Criminal justice reform, then, is not only about rationalising the criminal justice system, but also about criminal law; not just about what happens to people caught up in the criminal justice system, but who that system affects.
THE US EXPERIENCE
Australia is not the first country to face the twin problems of misallocated criminal justice spending and an expanding regulatory criminal law. The United States has long had an incarceration rate far higher than other Western countries—almost four times the rate in Australia. The Heritage Foundation found that in the US there are up to 5000 criminal laws on the statute books at the federal level alone.
In the last 10 years, though, several conservative states in the US have undertaken substantial reforms, reducing incarceration safely and taking steps to wind back over-criminalisation. States such as Texas have switched to imposing non-carceral punishments on drug users and other lowlevel offenders, and redirected money from new prison spaces to improved supervision practices and rehabilitation programs, and to parole reforms. They have seen positive results, with lower recidivism rates and slowed expenditure growth from reduced incarceration.
On the over-criminalisation front, reformers have had success in restoring the requirement of mens rea to regulatory offences. Mens rea is the mental element of a crime— the requirement that the offender knew or should have known he was breaking the law. A great many regulatory criminal offences are strict or absolute liability, meaning that there is no requirement of fault.
It might be argued that the US is too different from Australia to draw any valuable lessons from their experiences. It is true that Australia has nothing like the level of incarceration of states like Texas, and that the extent of regulatory criminal law and the use of strict and absolute liability in Australia needs to be investigated further. But criminal justice reform is not just about what is wrong now. It is about avoiding problems in the future. And this involves understanding what a well-ordered criminal justice system based on conservative principles looks like.

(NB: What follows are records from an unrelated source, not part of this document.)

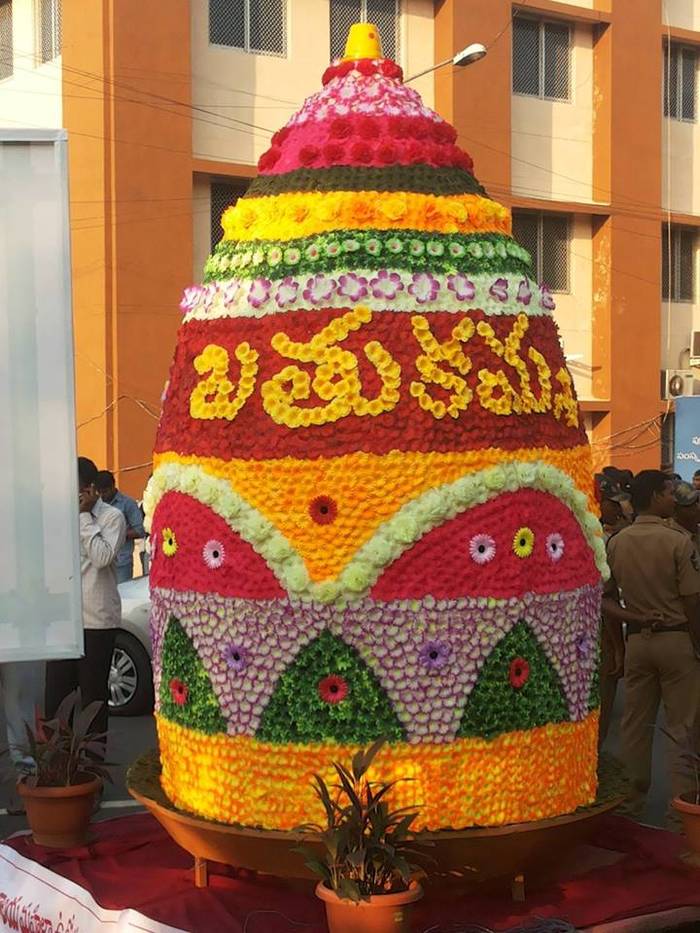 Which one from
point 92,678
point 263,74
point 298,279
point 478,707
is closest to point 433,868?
point 478,707

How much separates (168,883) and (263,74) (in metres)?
16.3

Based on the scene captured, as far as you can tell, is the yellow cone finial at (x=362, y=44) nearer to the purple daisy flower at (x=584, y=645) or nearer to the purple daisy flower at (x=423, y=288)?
the purple daisy flower at (x=423, y=288)

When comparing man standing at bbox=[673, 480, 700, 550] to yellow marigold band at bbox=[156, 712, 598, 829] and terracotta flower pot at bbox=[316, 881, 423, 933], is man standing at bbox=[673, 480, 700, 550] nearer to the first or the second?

DOING NOTHING IS NOT AN OPTION
If conservatives do not engage with the failures of the criminal justice system, then the reform space will be occupied by others, who are not likely to share our conception of justice, based on individual rights, personal responsibility and just retribution.
The field of criminology is dominated by a worldview that sees crime as the inevitable product of societal dysfunction. On this view, individual criminals cannot be held accountable for their actions because they are not truly the authors of them. Instead, crime is seen as a function of poverty and under-education, and its remedy is an expansion of social welfare, administered by an evergrowing state, paid for, inevitably, by higher taxes.
The goal of the criminal justice system is not to somehow engineer a crime-free society. It is instead to defend the rights of individuals by ensuring that those who breach them are fairly punished, and by doing so to perpetuate the civil peace within which individuals and families can flourish.
But to realise our principles, we must acknowledge the failures of the current system and work to correct them. It is only by doing so that the traditional conception of criminal justice can prevail in the face of a radical challenge from those who see crime as a pathology and citizens only as potential patients. Conservative criminal justice reform is a piece of the broader conservative agenda of rolling back the administrative state. The point is not to reimagine criminal justice de novo, but to sustain and strengthen the system into the future.